◆ ABOUT THIS TASK:
Reproduce the records word for word, leaving out any pictures they hold.

RECORD EXCERPTS START

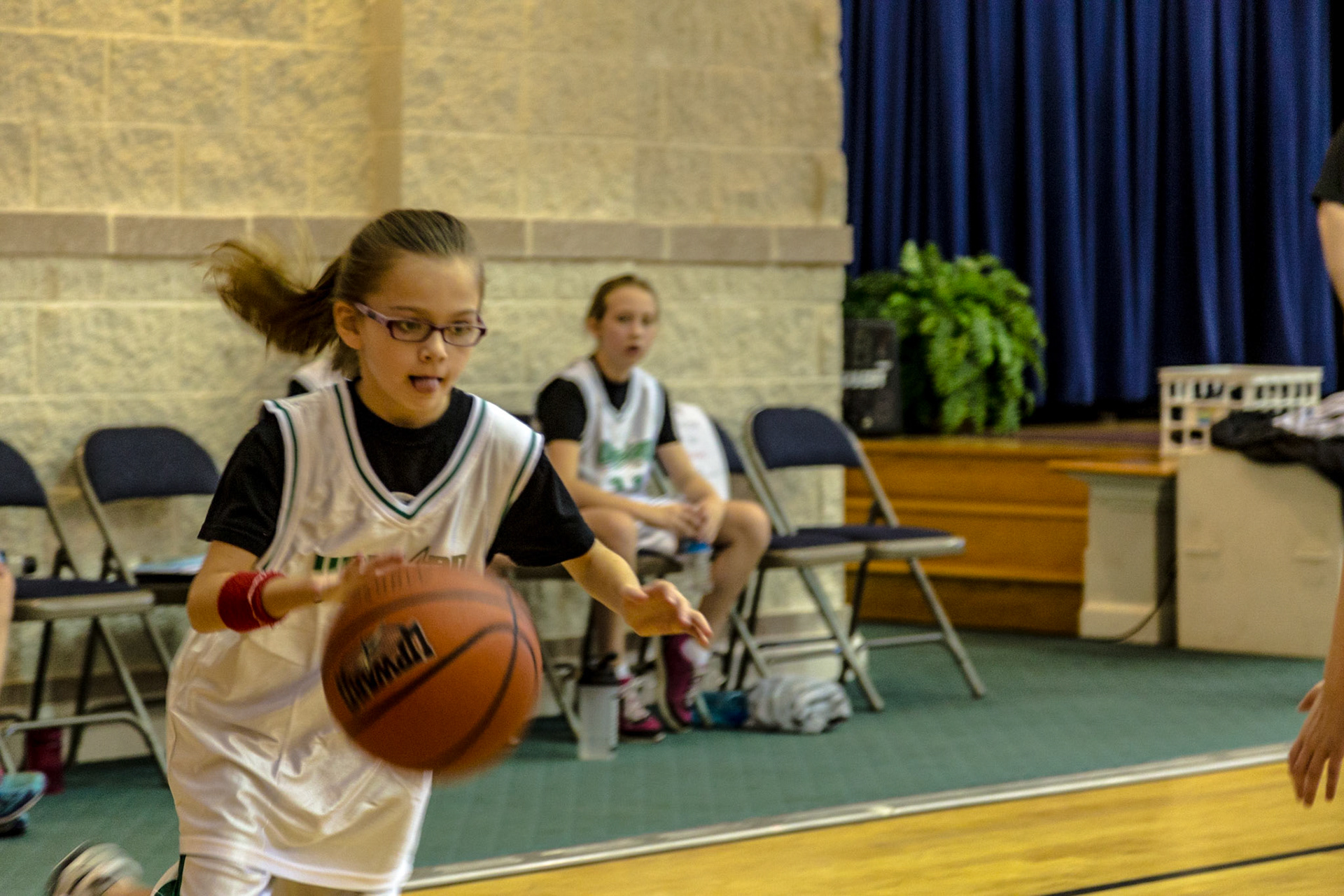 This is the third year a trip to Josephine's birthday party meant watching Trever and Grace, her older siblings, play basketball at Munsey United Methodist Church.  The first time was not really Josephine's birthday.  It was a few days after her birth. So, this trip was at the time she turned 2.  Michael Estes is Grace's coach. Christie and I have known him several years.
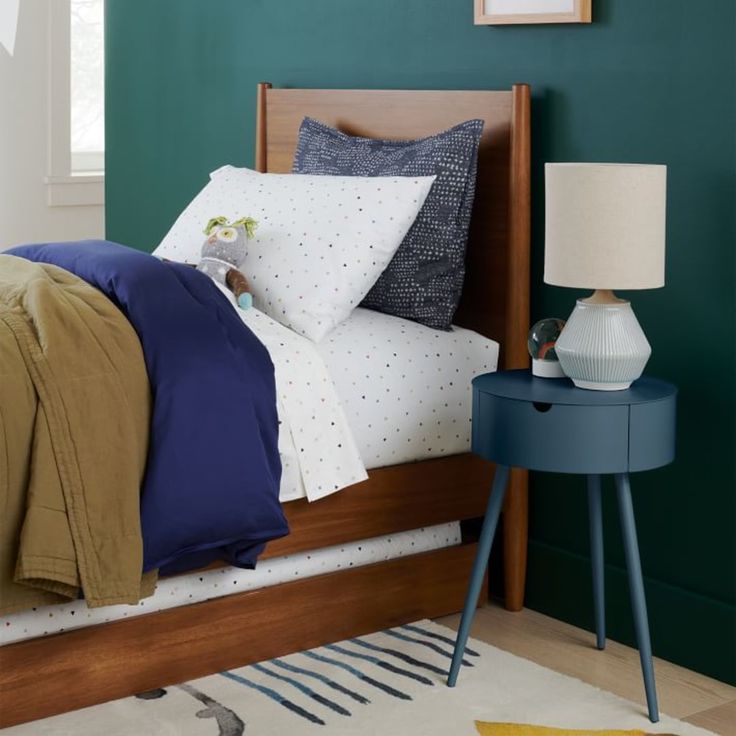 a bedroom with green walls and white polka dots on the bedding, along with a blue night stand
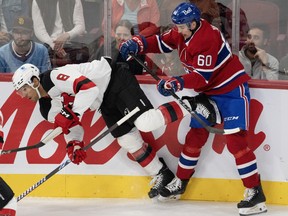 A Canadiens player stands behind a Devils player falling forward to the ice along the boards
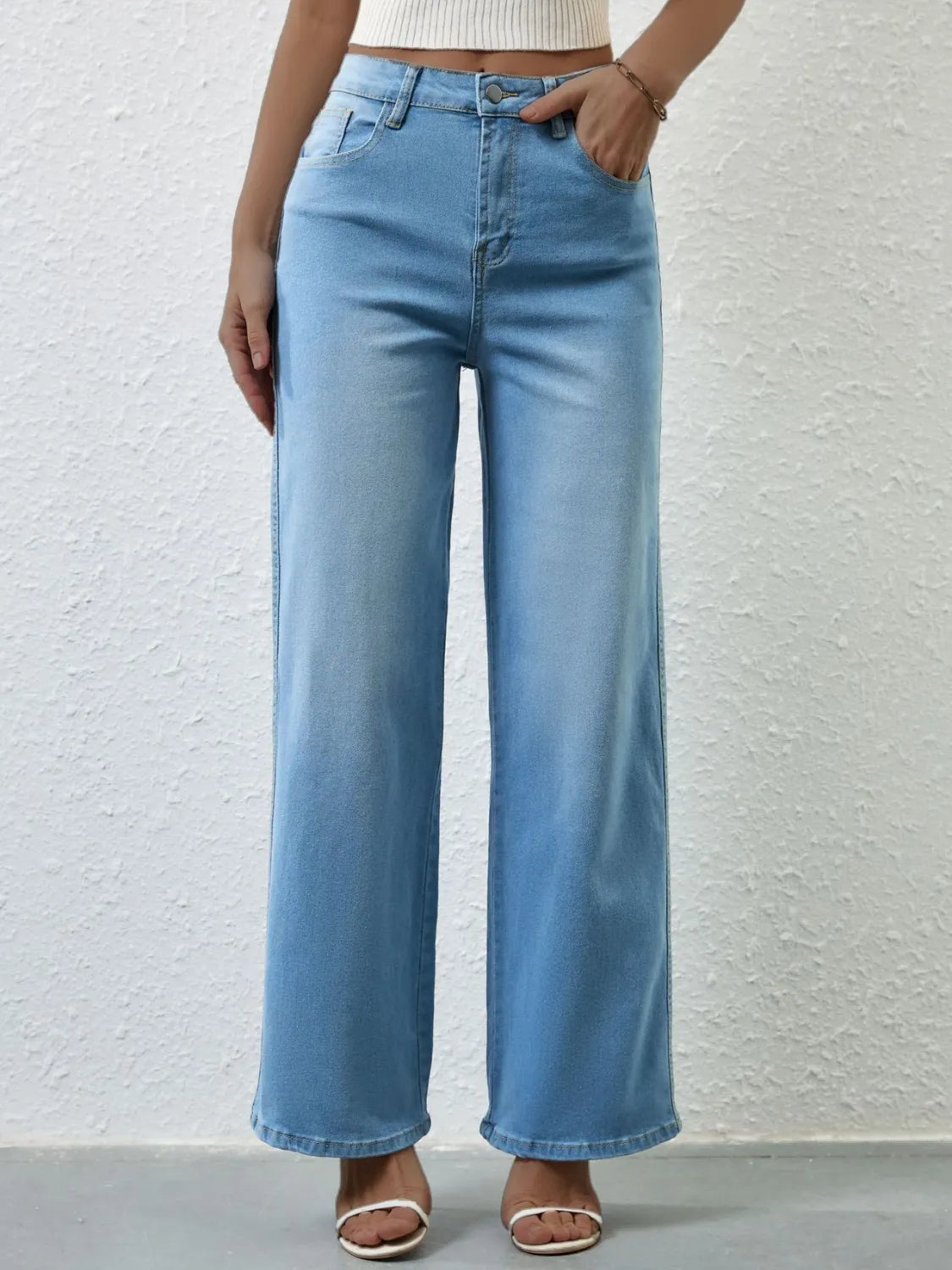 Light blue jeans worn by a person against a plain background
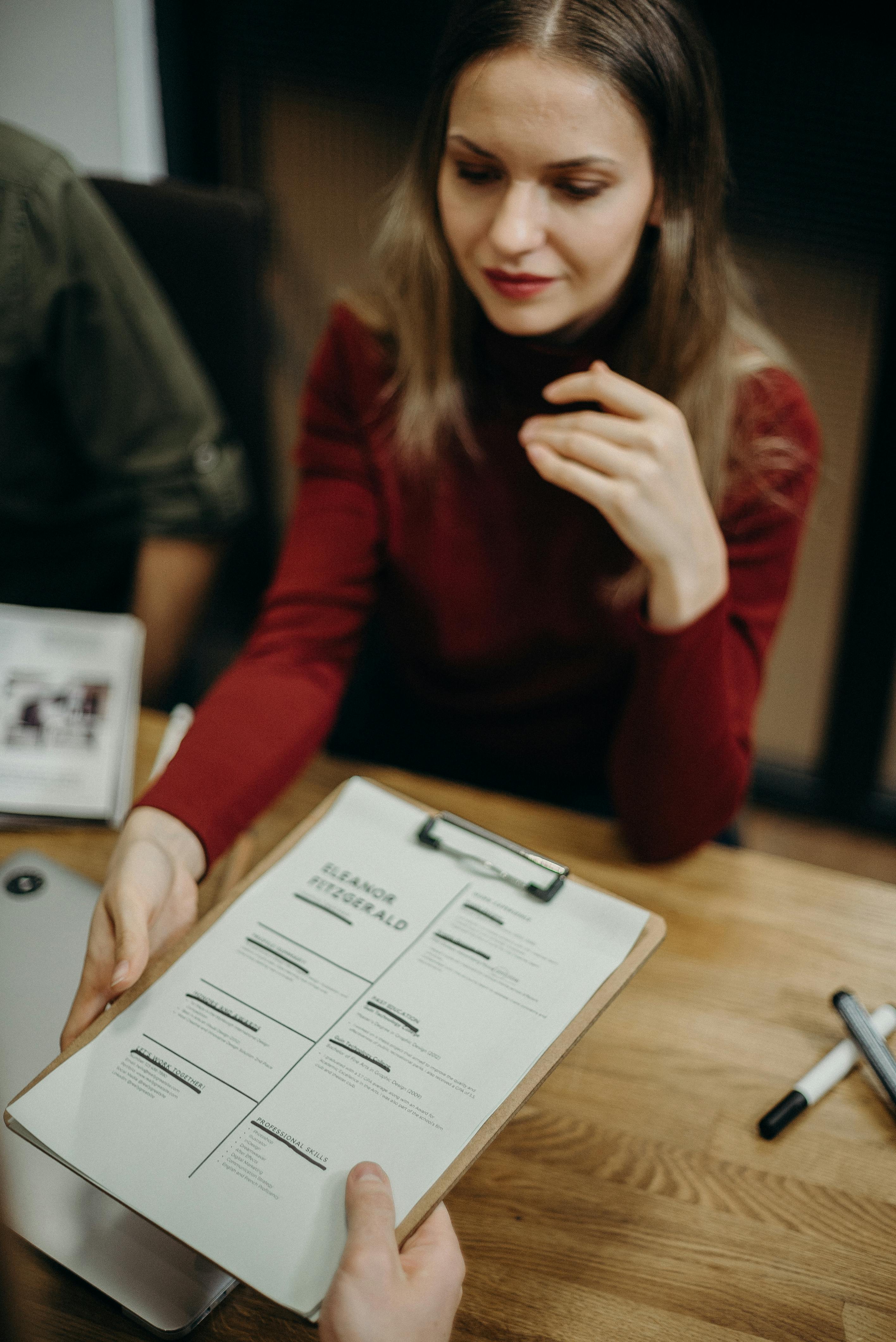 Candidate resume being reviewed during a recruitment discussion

RECORD EXCERPTS END

◆ RESULT BELOW:
 This is the third year a trip to Josephine's birthday party meant watching Trever and Grace, her older siblings, play basketball at Munsey United Methodist Church.  The first time was not really Josephine's birthday.  It was a few days after her birth. So, this trip was at the time she turned 2.  Michael Estes is Grace's coach. Christie and I have known him several years.
 a bedroom with green walls and white polka dots on the bedding, along with a blue night stand
 A Canadiens player stands behind a Devils player falling forward to the ice along the boards
 Light blue jeans worn by a person against a plain background
 Candidate resume being reviewed during a recruitment discussion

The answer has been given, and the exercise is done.